→ WHAT TO DO:
Starting at the line that contains "Thumbnail 2 in" and stopping at the line that contains "vô tình Thanh", restate each line of the records below exactly. Omit the pictures.

→ EXERCISE MATERIAL:
═══

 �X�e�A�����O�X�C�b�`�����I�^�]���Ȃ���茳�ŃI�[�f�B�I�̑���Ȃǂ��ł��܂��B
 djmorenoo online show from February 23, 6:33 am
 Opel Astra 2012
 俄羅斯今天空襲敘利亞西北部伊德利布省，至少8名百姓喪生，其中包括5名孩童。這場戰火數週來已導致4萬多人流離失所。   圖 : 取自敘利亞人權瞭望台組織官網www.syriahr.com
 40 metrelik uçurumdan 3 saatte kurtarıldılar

═══

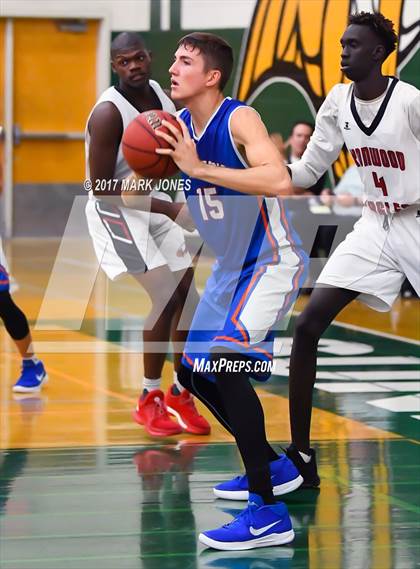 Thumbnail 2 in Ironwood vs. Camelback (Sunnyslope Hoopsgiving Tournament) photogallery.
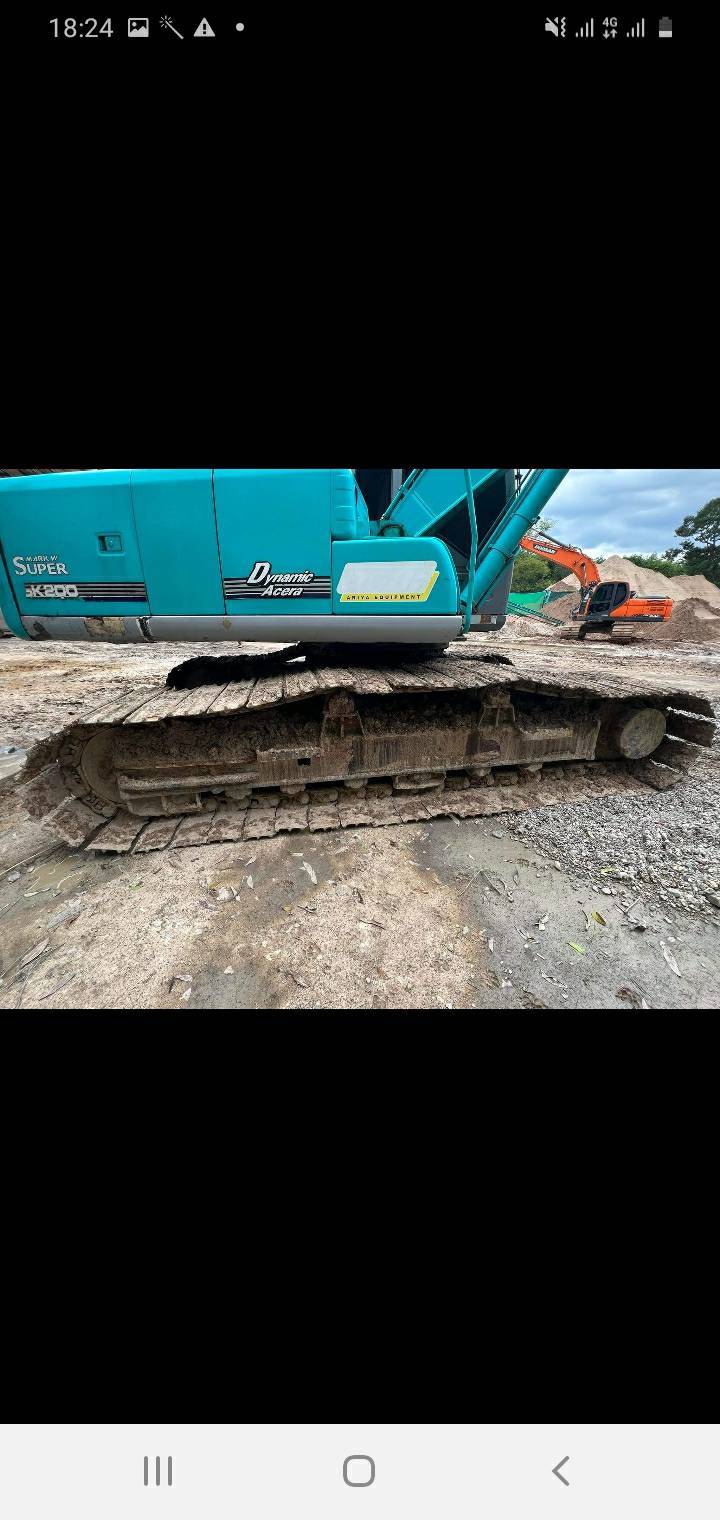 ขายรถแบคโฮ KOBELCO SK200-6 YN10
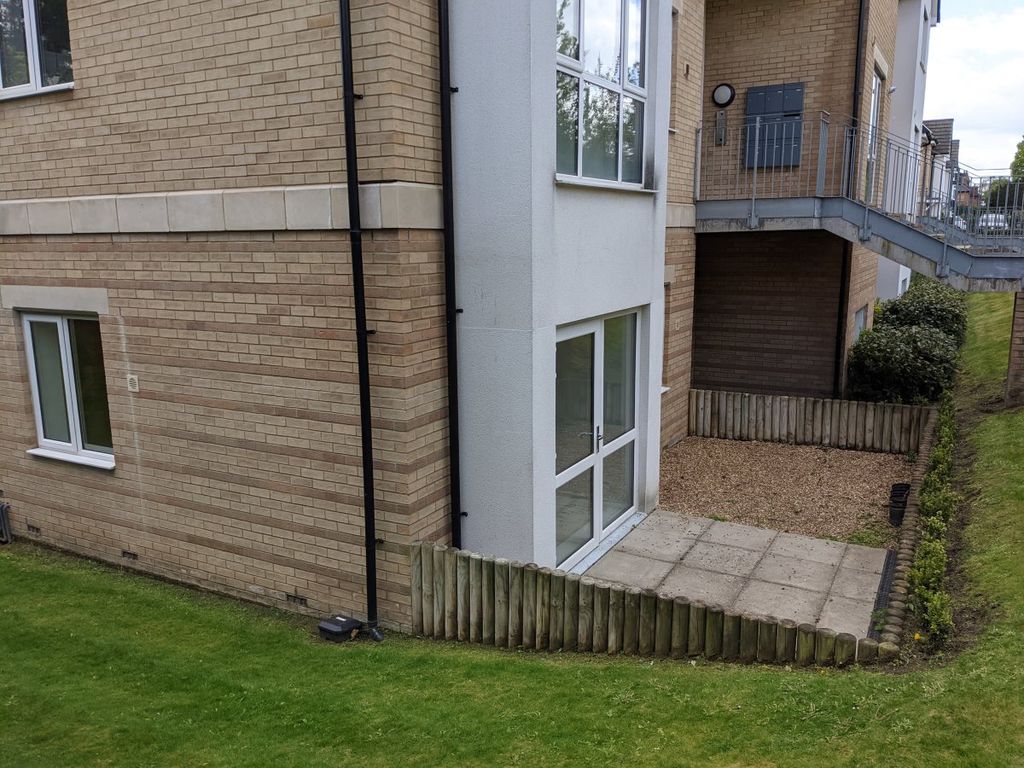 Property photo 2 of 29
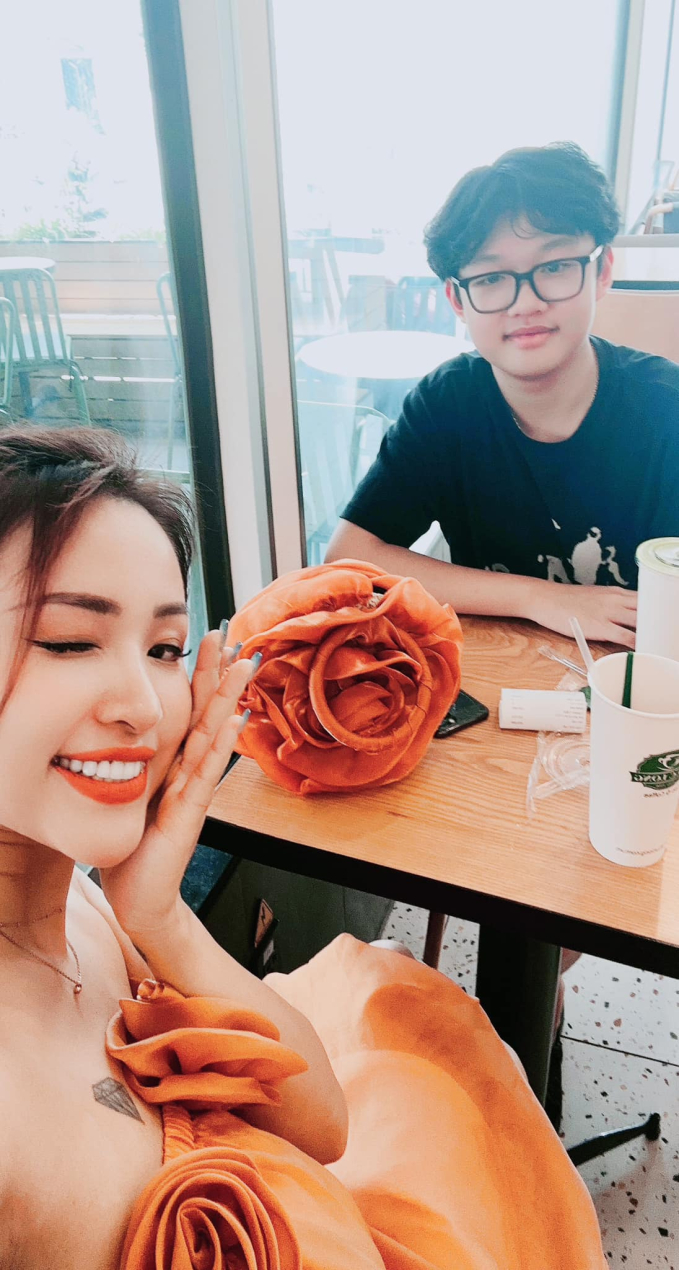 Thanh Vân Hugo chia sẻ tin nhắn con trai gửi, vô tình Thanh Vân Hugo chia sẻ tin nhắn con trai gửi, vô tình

═══

→ EXERCISE RESULT:
 Thumbnail 2 in Ironwood vs. Camelback (Sunnyslope Hoopsgiving Tournament) photogallery.
 ขายรถแบคโฮ KOBELCO SK200-6 YN10
 Property photo 2 of 29
 Thanh Vân Hugo chia sẻ tin nhắn con trai gửi, vô tình Thanh Vân Hugo chia sẻ tin nhắn con trai gửi, vô tình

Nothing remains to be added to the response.